Simultaneous Improvement of the Long-Term and Thermal Stability of the Perovskite Solar Cells Using 2,3,4,5,6-Pentafluorobenzoyl Chloride (PFBC)-Capped ZnO Nanoparticles Buffer Layer

Stability is a big issue for the commercialization of perovskite solar cells. The degradation of perovskite solar cells is a complex physical-chemical process related to the photoactive layer, the interface layer, and the metal electrode. Zinc oxide (ZnO) is a popular material used as the electron-transporting layer (ETL) in perovskite solar cells. A major problem of the ZnO ETL for perovskite solar cells is the thermal instability caused by the chemical reaction between ZnO and perovskite layer. Aiming to solve the degradation issue of perovskite solar cells a kind of ZnO nanoparticle that is chemically tailored with 2,3,4,5,6-pentafluorobenzoyl chloride (ZnO@PFBC) is provided.
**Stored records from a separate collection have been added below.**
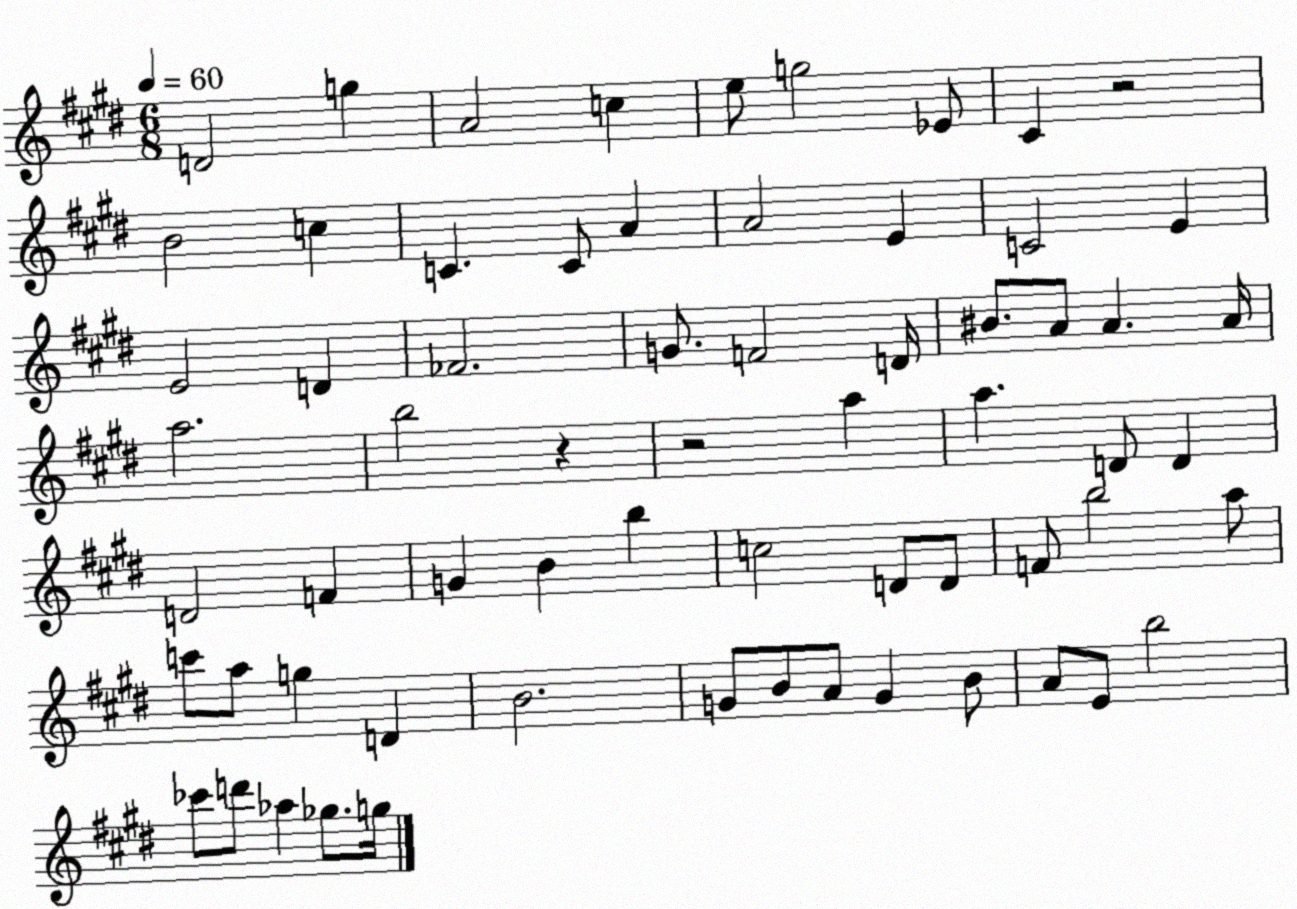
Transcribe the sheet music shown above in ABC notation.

X:1
T:Untitled
M:6/8
L:1/4
K:E
D2 g A2 c e/2 g2 _E/2 ^C z2 B2 c C C/2 A A2 E C2 E E2 D _F2 G/2 F2 D/4 ^B/2 A/2 A A/4 a2 b2 z z2 a a D/2 D D2 F G B b c2 D/2 D/2 F/2 b2 a/2 c'/2 a/2 g D B2 G/2 B/2 A/2 G B/2 A/2 E/2 b2 _c'/2 d'/2 _a _g/2 g/4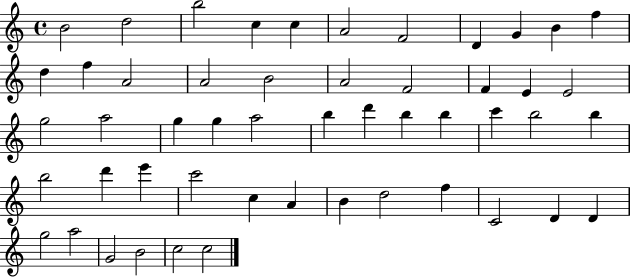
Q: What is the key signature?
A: C major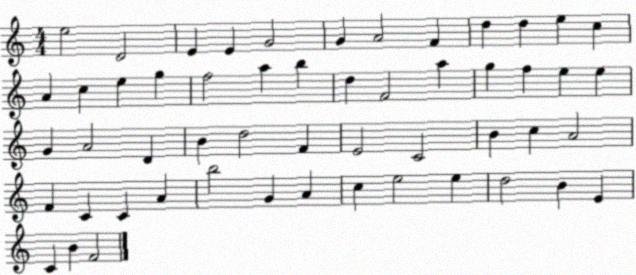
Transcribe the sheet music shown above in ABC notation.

X:1
T:Untitled
M:4/4
L:1/4
K:C
e2 D2 E E G2 G A2 F d d e c A c e g f2 a b d F2 a g f e e G A2 D B d2 F E2 C2 B c A2 F C C A b2 G A c e2 e d2 B E C B F2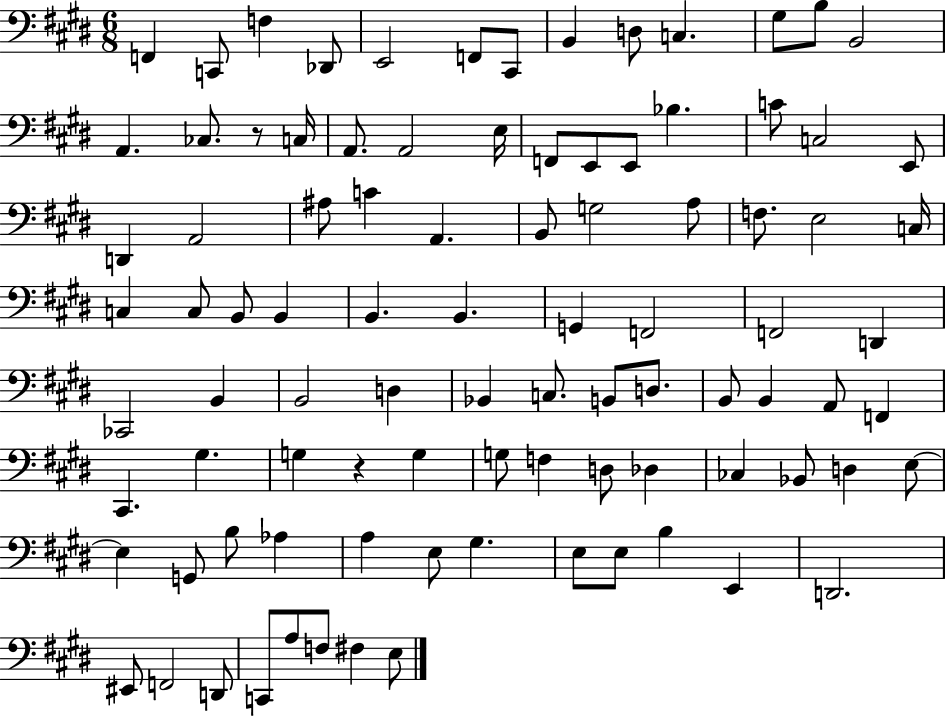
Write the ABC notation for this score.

X:1
T:Untitled
M:6/8
L:1/4
K:E
F,, C,,/2 F, _D,,/2 E,,2 F,,/2 ^C,,/2 B,, D,/2 C, ^G,/2 B,/2 B,,2 A,, _C,/2 z/2 C,/4 A,,/2 A,,2 E,/4 F,,/2 E,,/2 E,,/2 _B, C/2 C,2 E,,/2 D,, A,,2 ^A,/2 C A,, B,,/2 G,2 A,/2 F,/2 E,2 C,/4 C, C,/2 B,,/2 B,, B,, B,, G,, F,,2 F,,2 D,, _C,,2 B,, B,,2 D, _B,, C,/2 B,,/2 D,/2 B,,/2 B,, A,,/2 F,, ^C,, ^G, G, z G, G,/2 F, D,/2 _D, _C, _B,,/2 D, E,/2 E, G,,/2 B,/2 _A, A, E,/2 ^G, E,/2 E,/2 B, E,, D,,2 ^E,,/2 F,,2 D,,/2 C,,/2 A,/2 F,/2 ^F, E,/2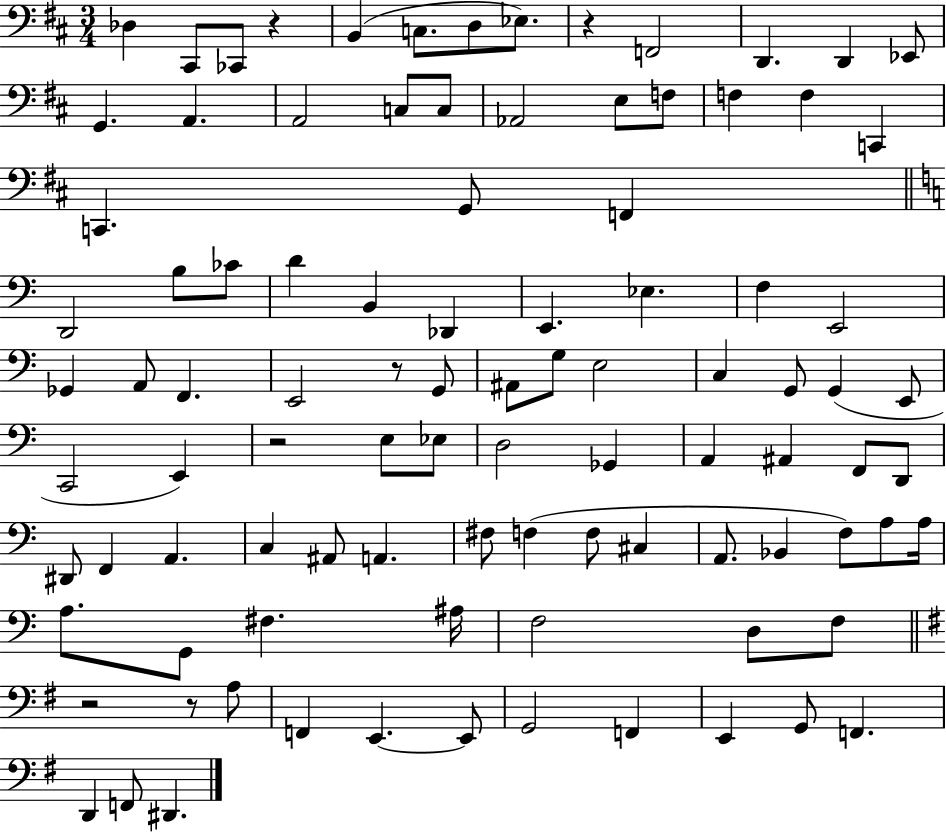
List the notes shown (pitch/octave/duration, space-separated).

Db3/q C#2/e CES2/e R/q B2/q C3/e. D3/e Eb3/e. R/q F2/h D2/q. D2/q Eb2/e G2/q. A2/q. A2/h C3/e C3/e Ab2/h E3/e F3/e F3/q F3/q C2/q C2/q. G2/e F2/q D2/h B3/e CES4/e D4/q B2/q Db2/q E2/q. Eb3/q. F3/q E2/h Gb2/q A2/e F2/q. E2/h R/e G2/e A#2/e G3/e E3/h C3/q G2/e G2/q E2/e C2/h E2/q R/h E3/e Eb3/e D3/h Gb2/q A2/q A#2/q F2/e D2/e D#2/e F2/q A2/q. C3/q A#2/e A2/q. F#3/e F3/q F3/e C#3/q A2/e. Bb2/q F3/e A3/e A3/s A3/e. G2/e F#3/q. A#3/s F3/h D3/e F3/e R/h R/e A3/e F2/q E2/q. E2/e G2/h F2/q E2/q G2/e F2/q. D2/q F2/e D#2/q.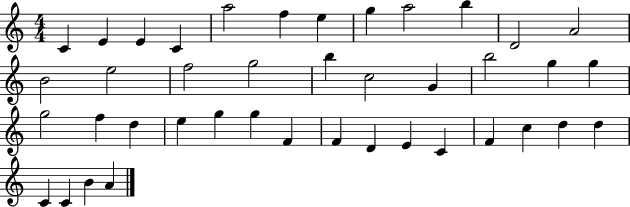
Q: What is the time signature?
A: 4/4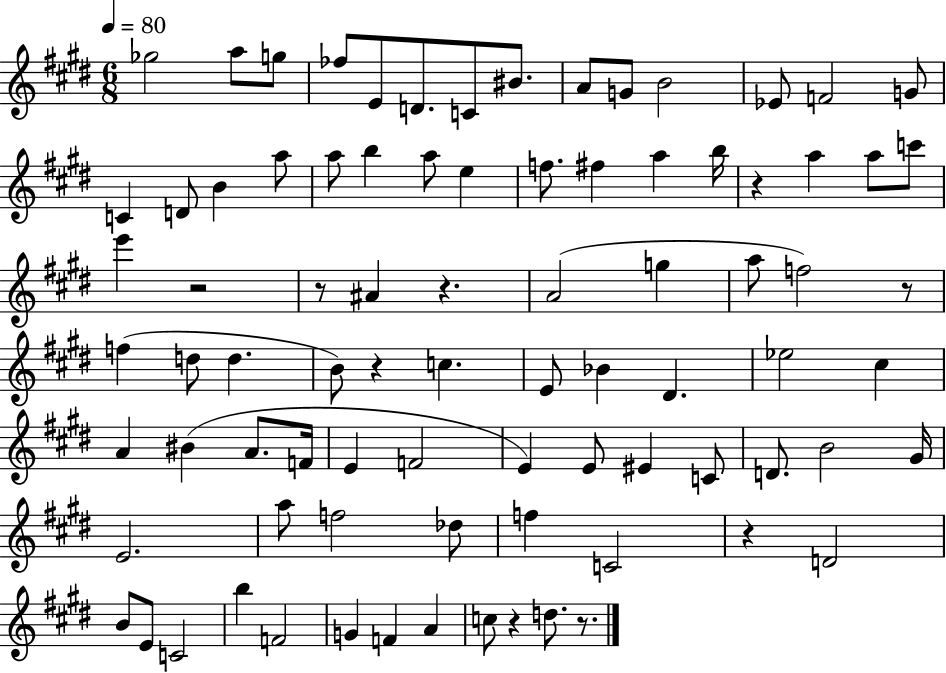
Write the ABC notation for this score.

X:1
T:Untitled
M:6/8
L:1/4
K:E
_g2 a/2 g/2 _f/2 E/2 D/2 C/2 ^B/2 A/2 G/2 B2 _E/2 F2 G/2 C D/2 B a/2 a/2 b a/2 e f/2 ^f a b/4 z a a/2 c'/2 e' z2 z/2 ^A z A2 g a/2 f2 z/2 f d/2 d B/2 z c E/2 _B ^D _e2 ^c A ^B A/2 F/4 E F2 E E/2 ^E C/2 D/2 B2 ^G/4 E2 a/2 f2 _d/2 f C2 z D2 B/2 E/2 C2 b F2 G F A c/2 z d/2 z/2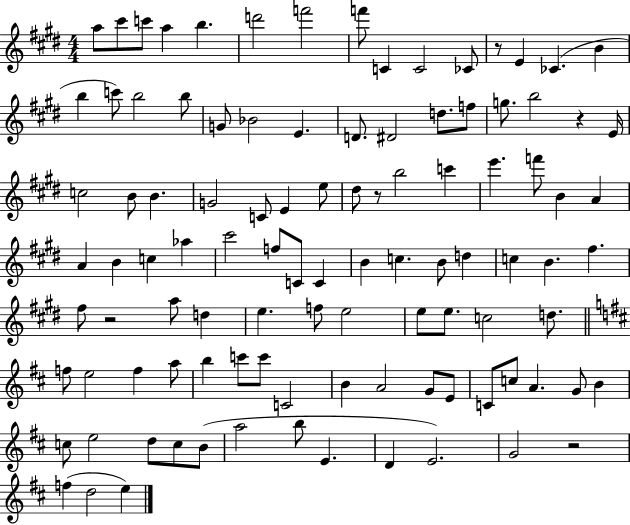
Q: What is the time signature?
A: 4/4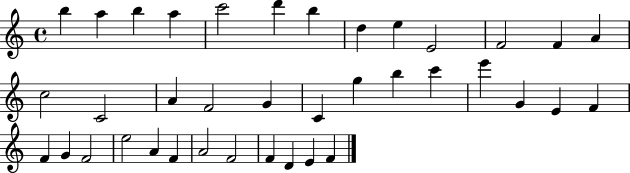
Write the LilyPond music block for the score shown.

{
  \clef treble
  \time 4/4
  \defaultTimeSignature
  \key c \major
  b''4 a''4 b''4 a''4 | c'''2 d'''4 b''4 | d''4 e''4 e'2 | f'2 f'4 a'4 | \break c''2 c'2 | a'4 f'2 g'4 | c'4 g''4 b''4 c'''4 | e'''4 g'4 e'4 f'4 | \break f'4 g'4 f'2 | e''2 a'4 f'4 | a'2 f'2 | f'4 d'4 e'4 f'4 | \break \bar "|."
}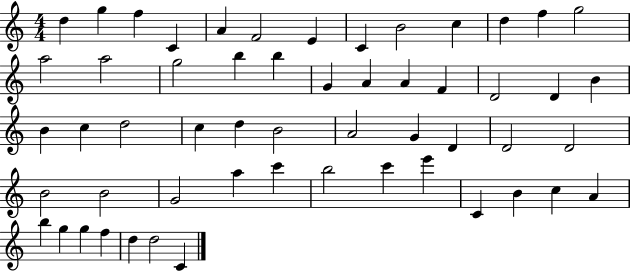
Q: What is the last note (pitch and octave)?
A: C4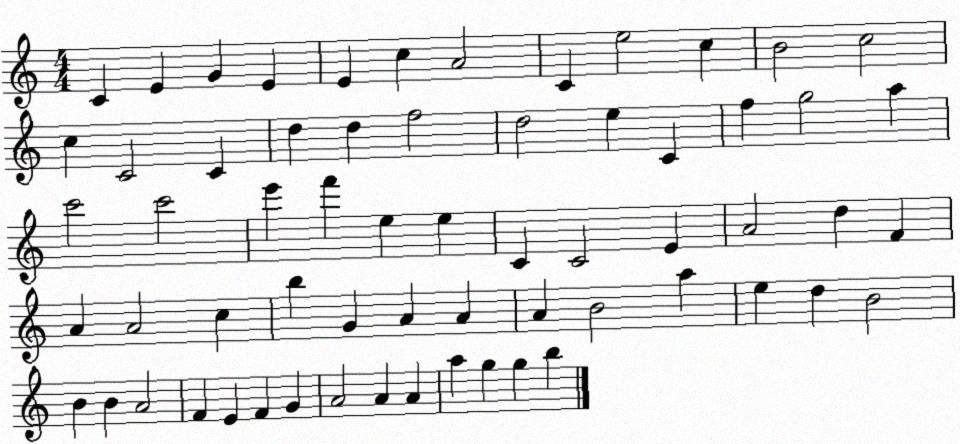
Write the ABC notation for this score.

Herein, the migration of halogen and zinc that takes responsibility for the thermal degradation of the p-i-n-type perovskite solar cells through time of flight secondary-ion mass spectrometry (ToF-SIMS) and X-ray photoelectron spectroscopy (XPS) results is proved. Using ZnO@PFBC as a modifier of PC61BM, both the ion migration and the chemical reaction of ZnO and perovskite are suppressed. The thermal stability and long-term illumination stability both in N(2)and in ambient conditions are simultaneously improved, 75% of the initial efficiency remaining after 200 h of annealing at 85 degrees C.